INPUT DATA -
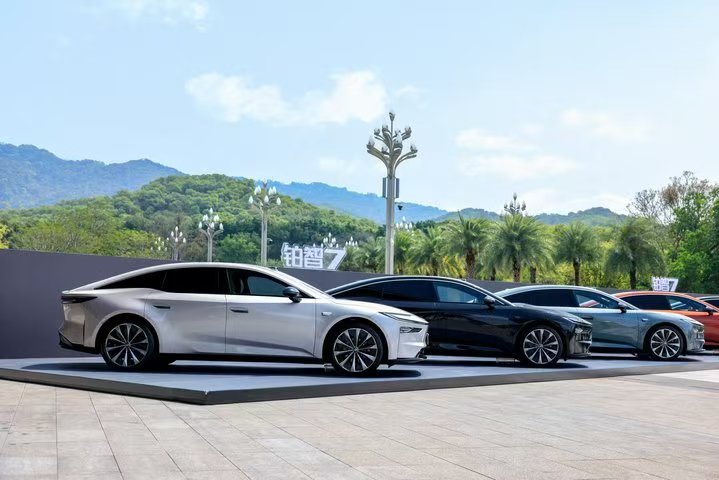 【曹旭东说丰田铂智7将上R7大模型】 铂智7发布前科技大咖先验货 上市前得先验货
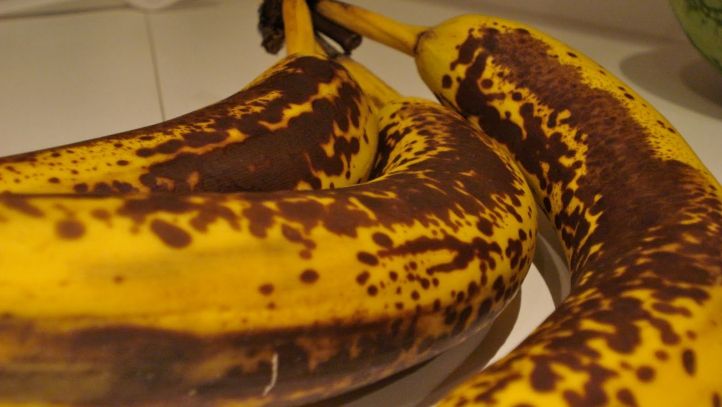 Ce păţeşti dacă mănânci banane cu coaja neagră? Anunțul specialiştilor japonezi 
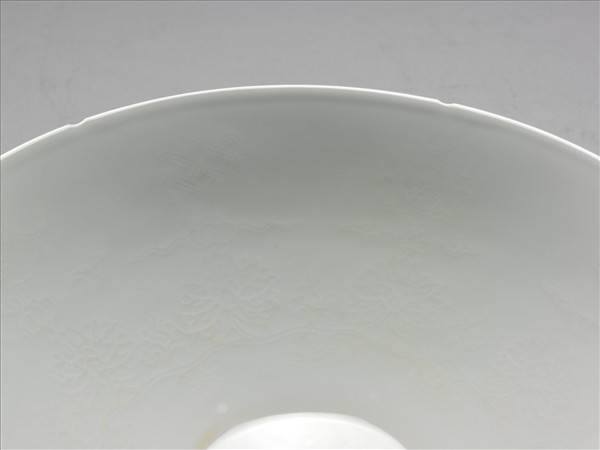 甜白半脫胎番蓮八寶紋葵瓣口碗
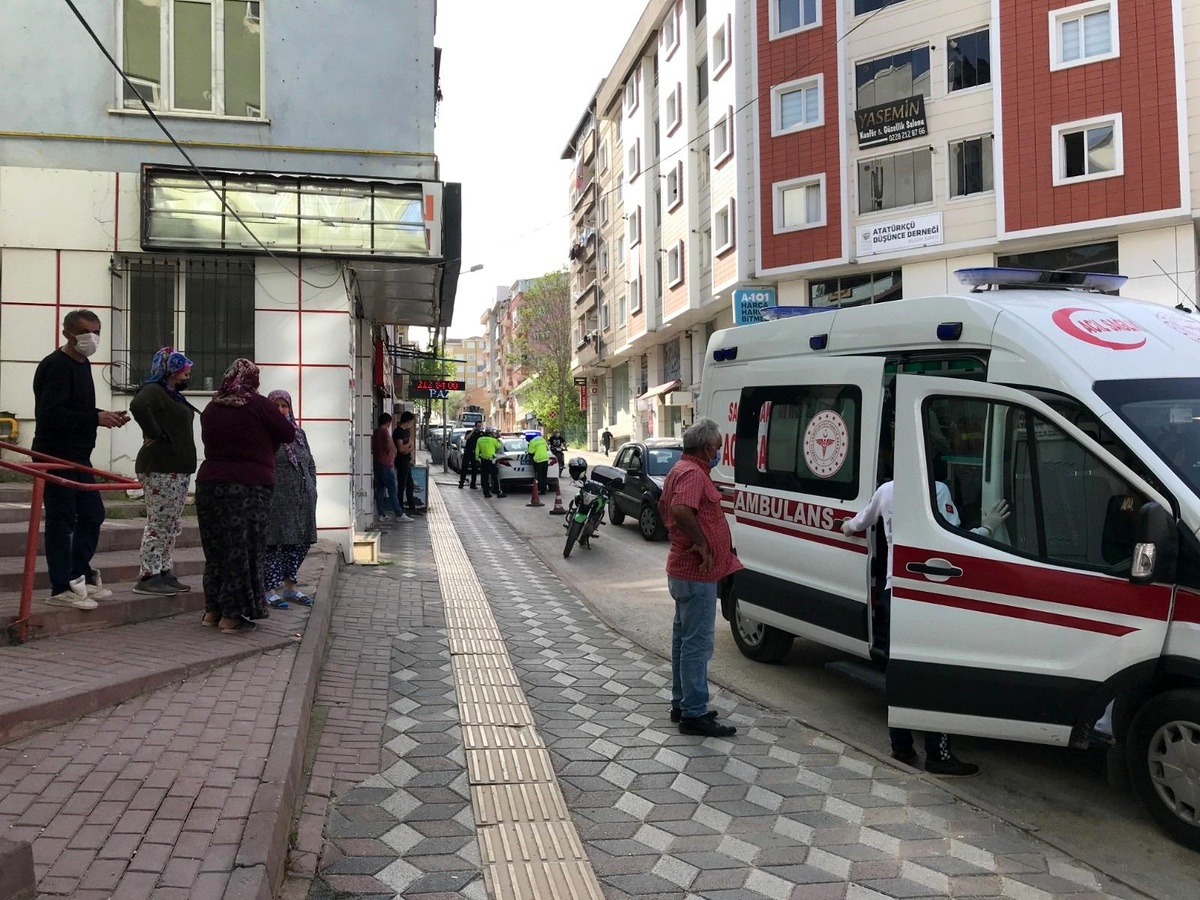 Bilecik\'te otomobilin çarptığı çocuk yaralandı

EXERCISE DETAILS - All of the lines above should be printed exactly, minus the pictures.

EXPECTED ANSWER -
 【曹旭东说丰田铂智7将上R7大模型】 铂智7发布前科技大咖先验货 上市前得先验货
 Ce păţeşti dacă mănânci banane cu coaja neagră? Anunțul specialiştilor japonezi 
 甜白半脫胎番蓮八寶紋葵瓣口碗
 Bilecik\'te otomobilin çarptığı çocuk yaralandı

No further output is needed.